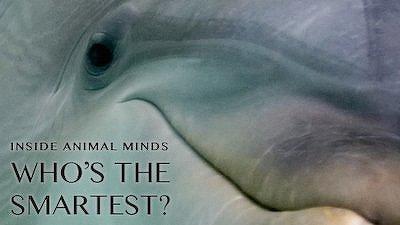 Inside Animal Minds: Who's the Smartest? Summary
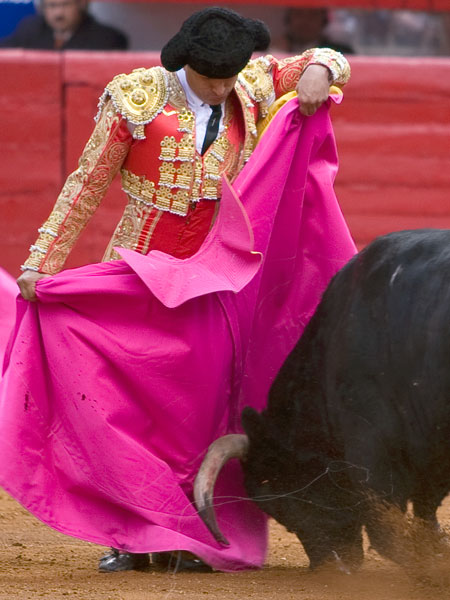 Tragando en la chicuelina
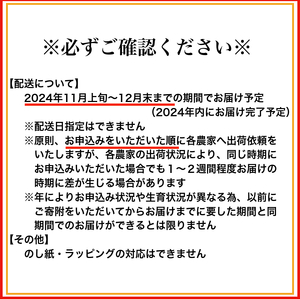 【小粒･2S】有田みかん「未来への虹」（10kg）(B239-1)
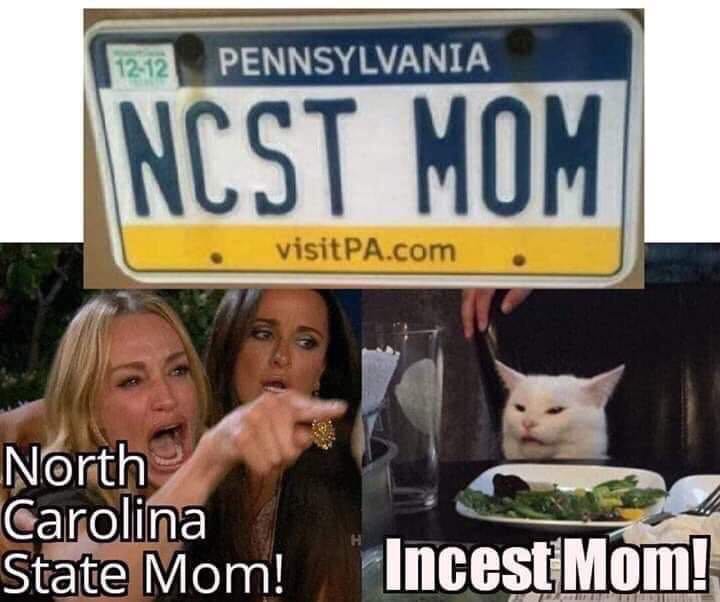 woman-yelling-at-cat-meme-12.jpg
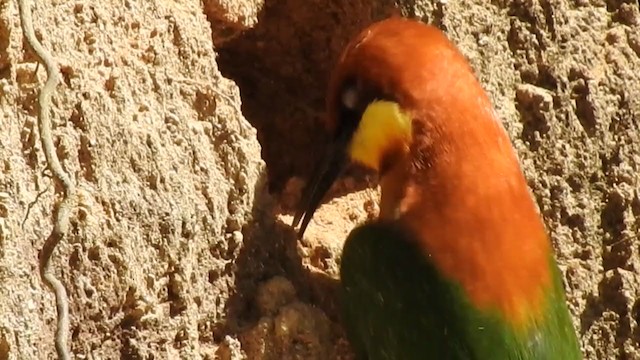 Chestnut-headed Bee-eater - ML303001491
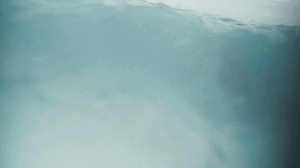 1956327850_ezgif.com-gif-maker-2022-06-19T221429_925.gif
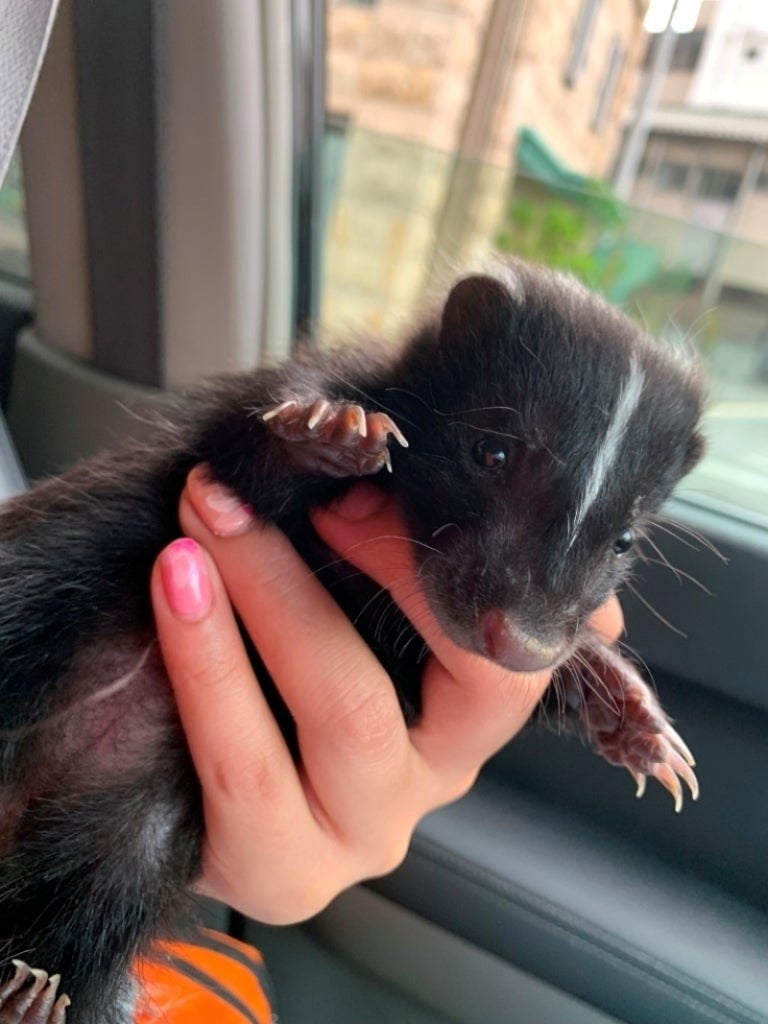 ふれあえる街の癒し 小さな動物園 を作りたい Campfire キャンプファイヤー ふれあえる街の癒し 小さな動物園 を作りたい Campfire キャンプファイヤー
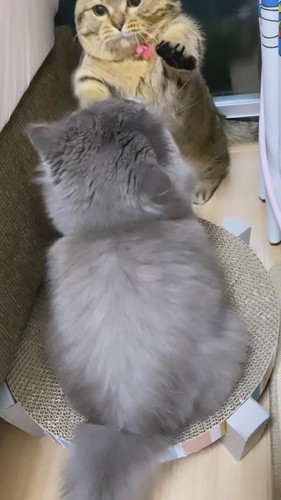 短足ちゃん同士の戦い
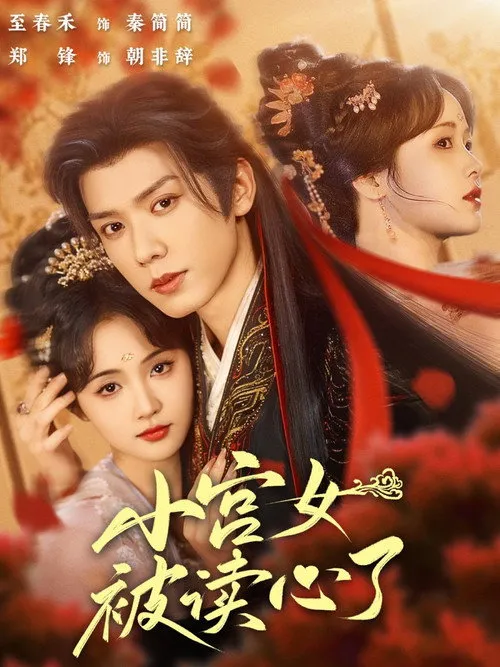 Poster do drama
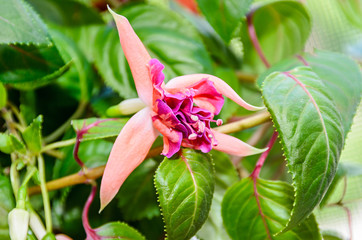 Naklejka na ściany i meble Pink Fuchsia flowers, green leaves shrub, close up, blur bokeh background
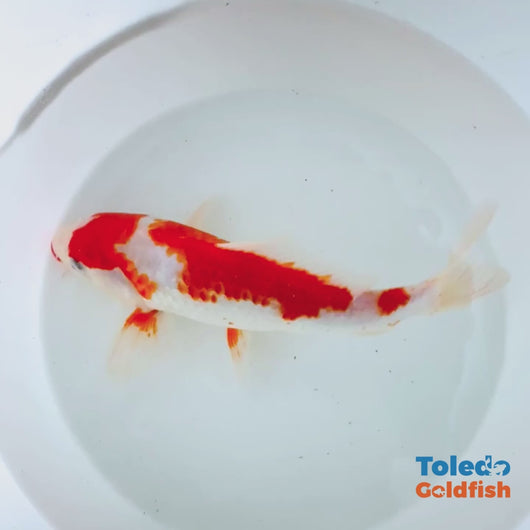 TOLEODO GOLDFISH | 10" Red and White Standard Fin Koi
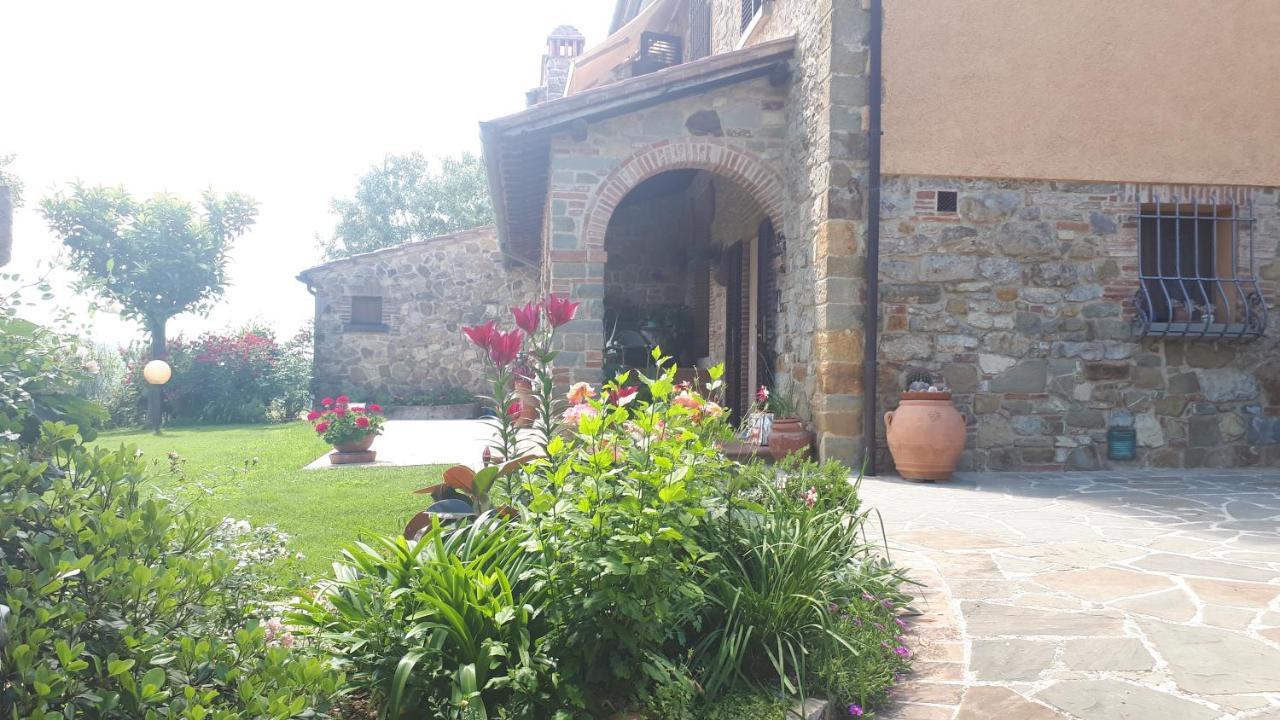 B&B L'Oliveto ルチニャーノ エクステリア 写真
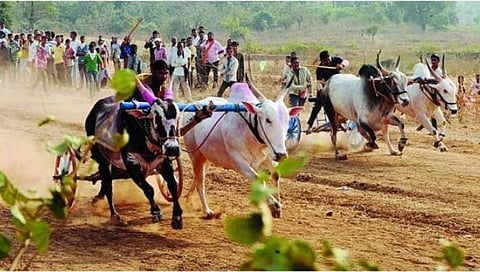 bullock cart race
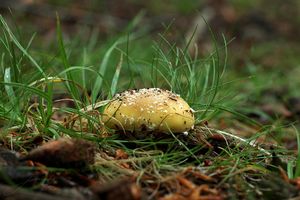 Muchomůrka slámožlutá - Amanita gemmata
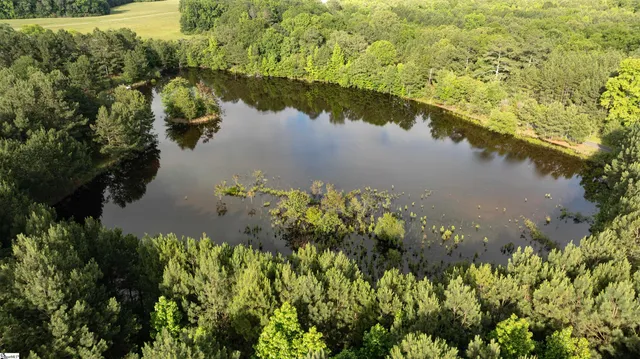 $250,000 | 38 Crowder Road, Kinards, SC 29355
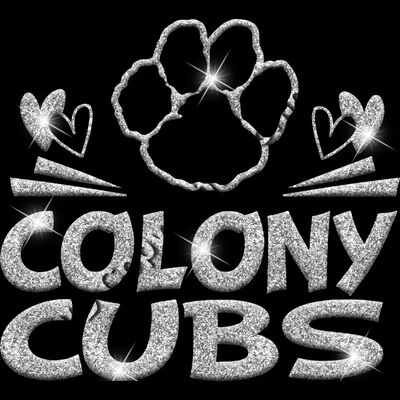 GLT88 SILVER GLITTER Thumbnail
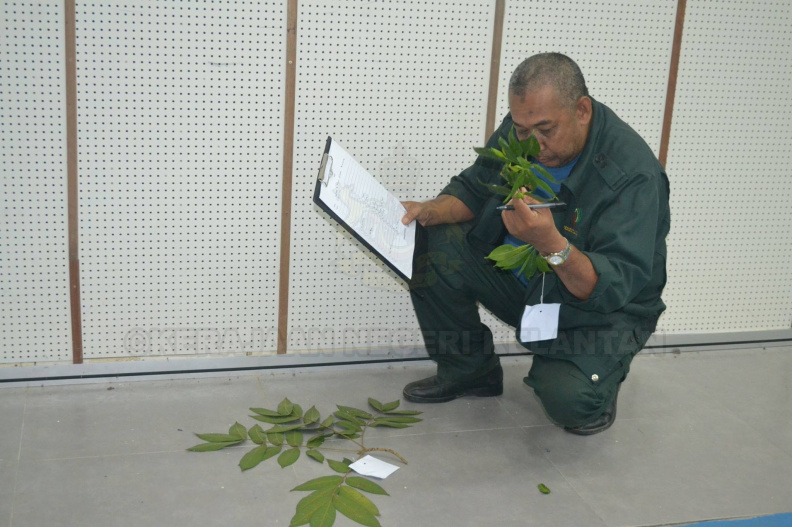Kursus Pengecaman Pokok & Daun 2016 (29) - Kursus Pengecaman Pokok & Daun 2016 (29).jpg Kursus Pengecaman Pokok & Daun 2016 (29).jpg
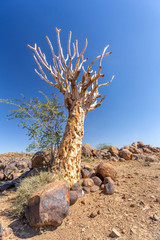 Aloidendron dichotomum, Aloe dichotoma, the quiver tree or kokerboom, species of succulent plant,...
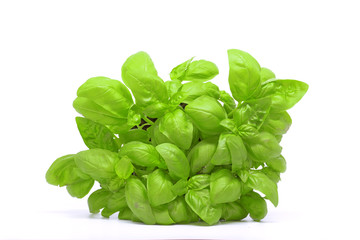 Basilico su sfondo bianco 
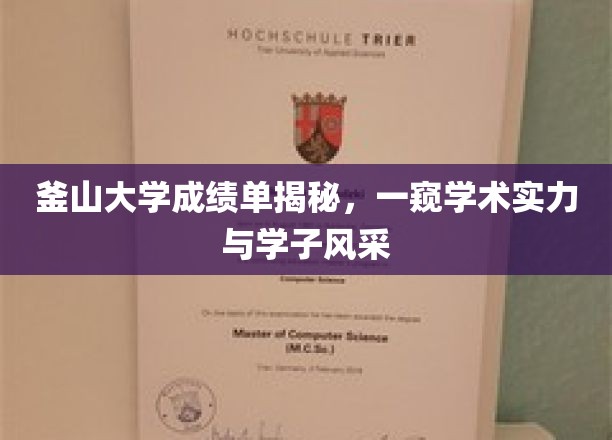 釜山大学学子风采大揭秘，成绩单背后的学术实力一览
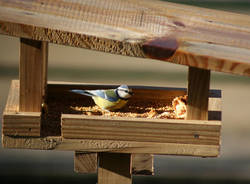 mangiatoia parco pineta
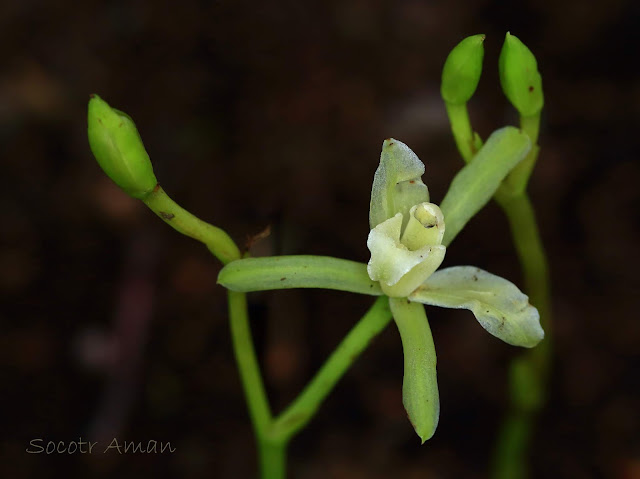 Cymbidium nipponicum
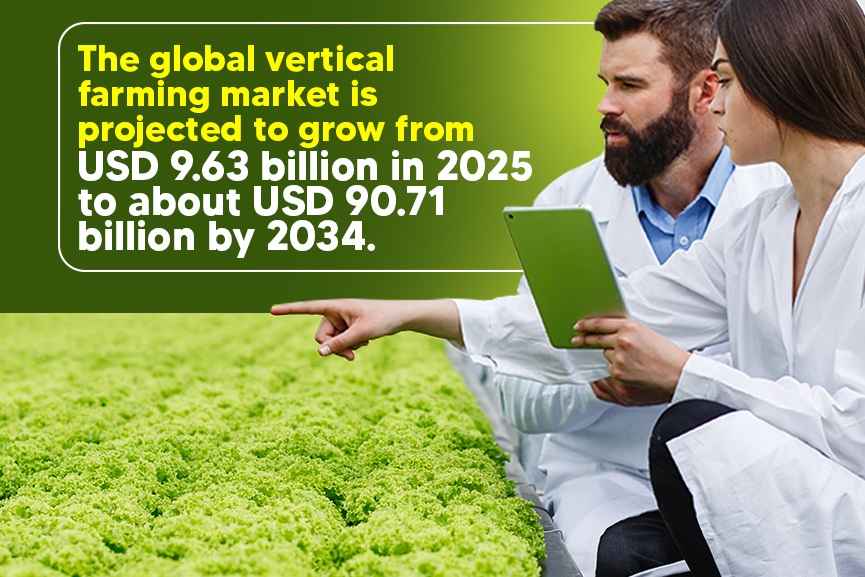 Indoor vertical farming facility with researchers monitoring lettuce production
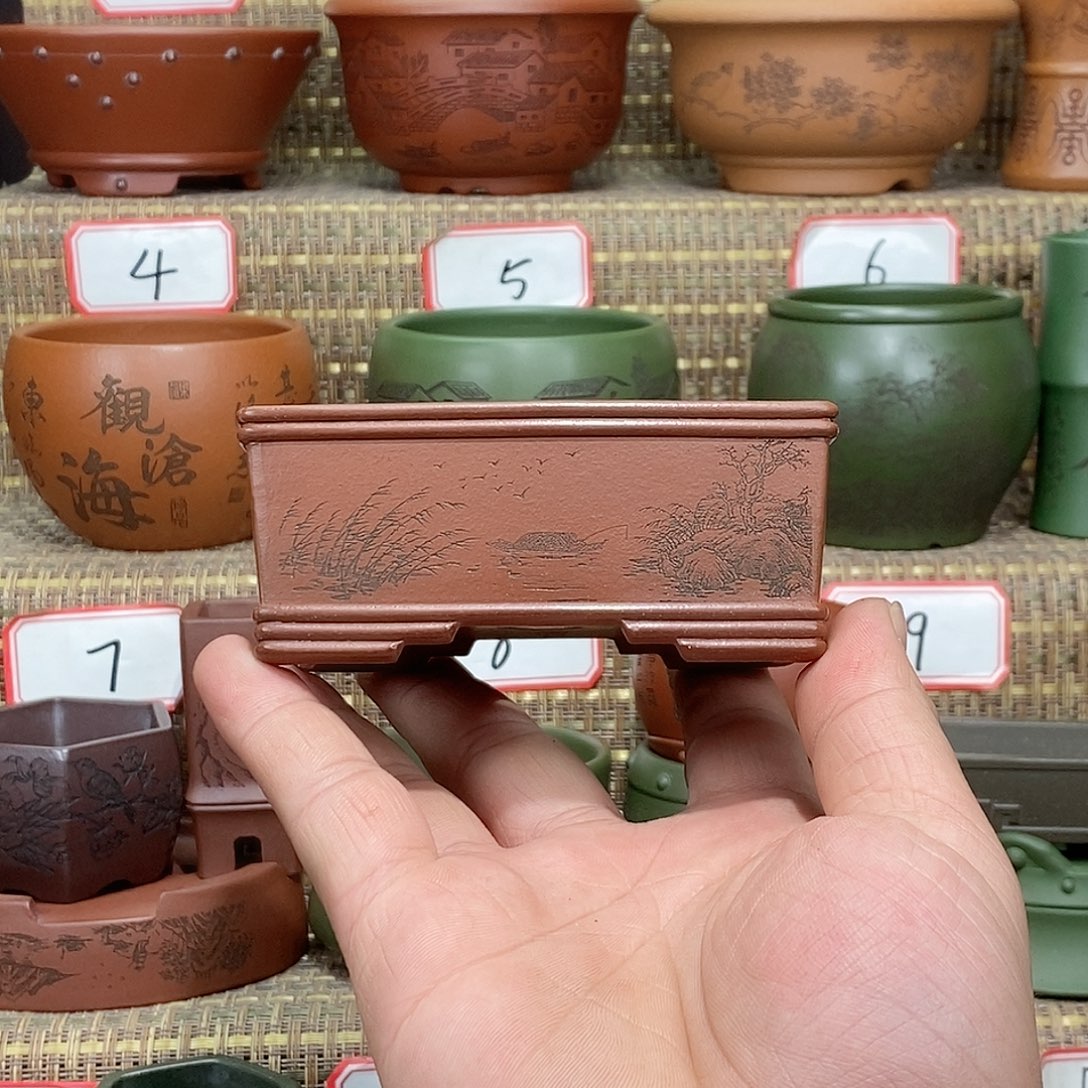 紫砂花盆我在等他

● **Task directions**
If the records contain pictures, skip them, and transcribe exactly every line from the one with "釜山大学学子风采大揭秘，成绩单背后的学术实力一览" through the last line.

● **Finished exercise**
 釜山大学学子风采大揭秘，成绩单背后的学术实力一览
 mangiatoia parco pineta
 Cymbidium nipponicum
 Indoor vertical farming facility with researchers monitoring lettuce production
 紫砂花盆我在等他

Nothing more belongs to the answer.